Reproduce exactly, and solely, the lines running from the top of the data below through the line with "Southwestern Folk Art", both inclusive. Omit pictures.

__Data__:
•••
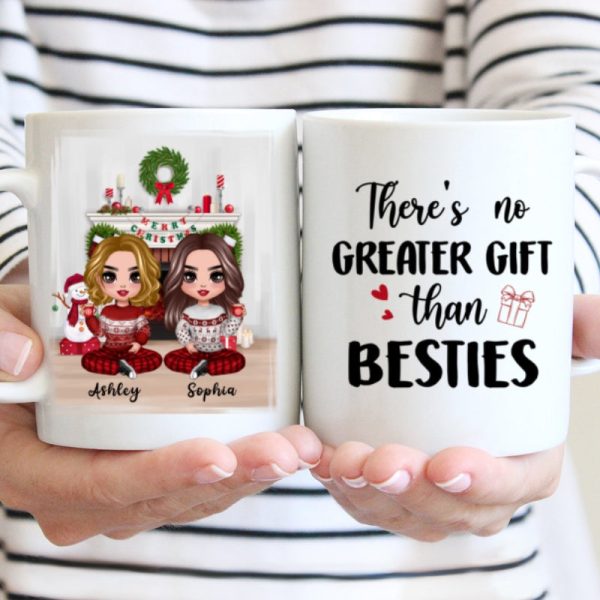 Christmas Doll Besties Sitting At Fireplace Personalized Mug Christmas Doll Besties Sitting At Fireplace Personalized Mug
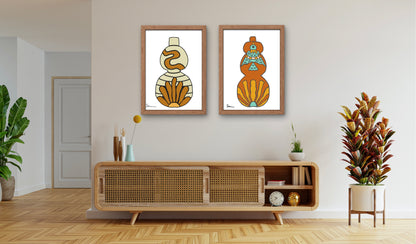 Southwestern Folk Art Pottery Art Print - Samara Designs Studio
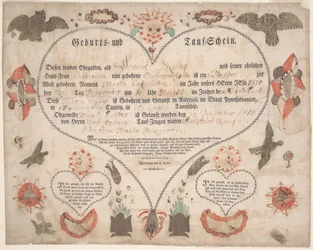 Rodný a křestní list (Geburts und Taufschein) pro Marii Catharinu Raup c.1806 (pero a inkoust s akvarelem na papíře)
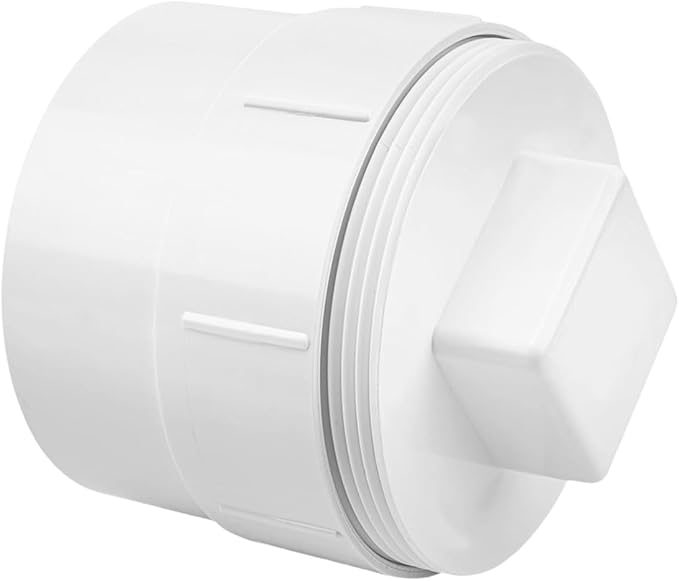 2" PVC Sewer Cleanout Adapter with Plug Pipe Fitting, PVC DWV Flush Sewer Cleanout Cap for Outdoor Garden, RVs Sewer or Drainage Piping Connect System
•••
__Result__:
 Christmas Doll Besties Sitting At Fireplace Personalized Mug Christmas Doll Besties Sitting At Fireplace Personalized Mug
 Southwestern Folk Art Pottery Art Print - Samara Designs Studio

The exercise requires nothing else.